The worst part is it was a really helpful book
For those of you not across the controversy, New Yorker journalist Jonah Lehrer resigned as a staff writer for the magazine after it was revealed that he had fabricated a quote in his New York Times best-seller, Imagine: The Science of Creativity.
It took an investigation by one of his peers, former VICE editor and Wall Street Journal freelancer, Michael C Moynihan, whose expose in Tablet magazine led to Lehrer’s resignation.
In the very first chapter of the book, Lehrer creates, seemingly out of thin air, a narrative of Bob Dylan’s creative process which supported his theory that writers block was an inevitable part of inspiration and that the physiology of the brain’s make-up could almost predict this “frustration” like clockwork as an essential part of the creative process.
Except that at least seven of the quotes he attributes to Dylan are either made up, or spliced together from numerous interviews or taken completely out of context.
From a journalist’s perspective I can’t imagine what it must have been like having to write this expose. I’m sure that it wasn’t a scoop Moynihan was pleased to earn. Nobody enjoys bringing other people down, nobody with ethics anyway, but especially not one of your own. His comments in a Q&A with The Observer reflect that.
But from a consumer’s perspective, it may be a long time before we see another book that tries to comprehensively explain through analogies and case studies how the human body works.
Lehrer’s writing style was reminiscent of Malcolm Gladwell – taking big complex topics like social science and psychology and examining their unexpected consequences, breaking down theoretical concepts into real world examples. Gladwell’s style of writing is engaging because it doesn’t require you to have a science Phd to understand it. Imagine was the Freakonomics* of psycho-physiology. Until it was revealed that at least part of the book was completely made up.

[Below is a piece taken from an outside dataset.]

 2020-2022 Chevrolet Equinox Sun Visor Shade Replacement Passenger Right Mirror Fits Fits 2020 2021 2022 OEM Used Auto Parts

It turns out that Lehrer’s style was more than just reminiscent of Gladwell. Lehrer actually plagiarised paragraphs from Gladwell’s Designs for Working on page 153 and 182 of Imagine. This isn’t the first time he’s been in trouble either. Just last month it was discovered that he had plagiarised himself in his New Yorker blog, often copying whole parts of Imagine and recycling them in print.
More and more inaccuracies, fabrications and plagiarisms are being unearthed by readers every minute.
Writer, Edward Champion began cataloguing Lehrer’s fabrications on his blog about a month before Moynihan’s expose was published. He has been updating it with new discoveries every day since the 20th of June.
Thanks to Lehrer’s fabrications, it will probably be a long time before we get another Imagine, because authors won’t want to be associated with Lehrer or his writing style. Consumers are the one who will miss out. Good journalism is the ability to explain big ideas in a way that is easy to understand but in a way that is both accurate and entertaining. People bought and read Imagine because they wanted to know how their brain worked, and how they could tap into their own biology to enhance their abilities.
I too began reading Imagine after being plagued by a serious bout of writers block and I’d be lying if I said Lehrer didn’t help me. Less than 24-hours after reading Imagine I went through one of the most creative spurts I’ve experienced it in a while, and even now I attribute this great unblocking to the advice he gave me through his book.
And this is why his unethical behaviour is such a massive betrayal.
There was some really good advice in Imagine. Maybe once we peeled back all the errors it might have better suited for the self-help section than the sciences (in which case less people would have bought it). But whatever truth existed in Imagine will forever be shadowed by doubt.
I want to believe that Lehrer didn’t mean to plagiarise. I want to believe that, like many of the people he discusses in his book, that he was crippled by his own self-doubt, and that his errors were unintentional.
I really wish that I didn’t know that he lied to try and cover up his fabrications and that he had been caught plagiarising before. I want to forgive him. And I hope that he recovers from this because even with all this controversy, he is a good journalist.
But like it or not Lehrer’s fabrication problem will have long-term consequences on science non-fiction in years to come.
And consumers are the ones who will miss out.
*Freakonomics also got a beating in the New York Times for being inaccurate.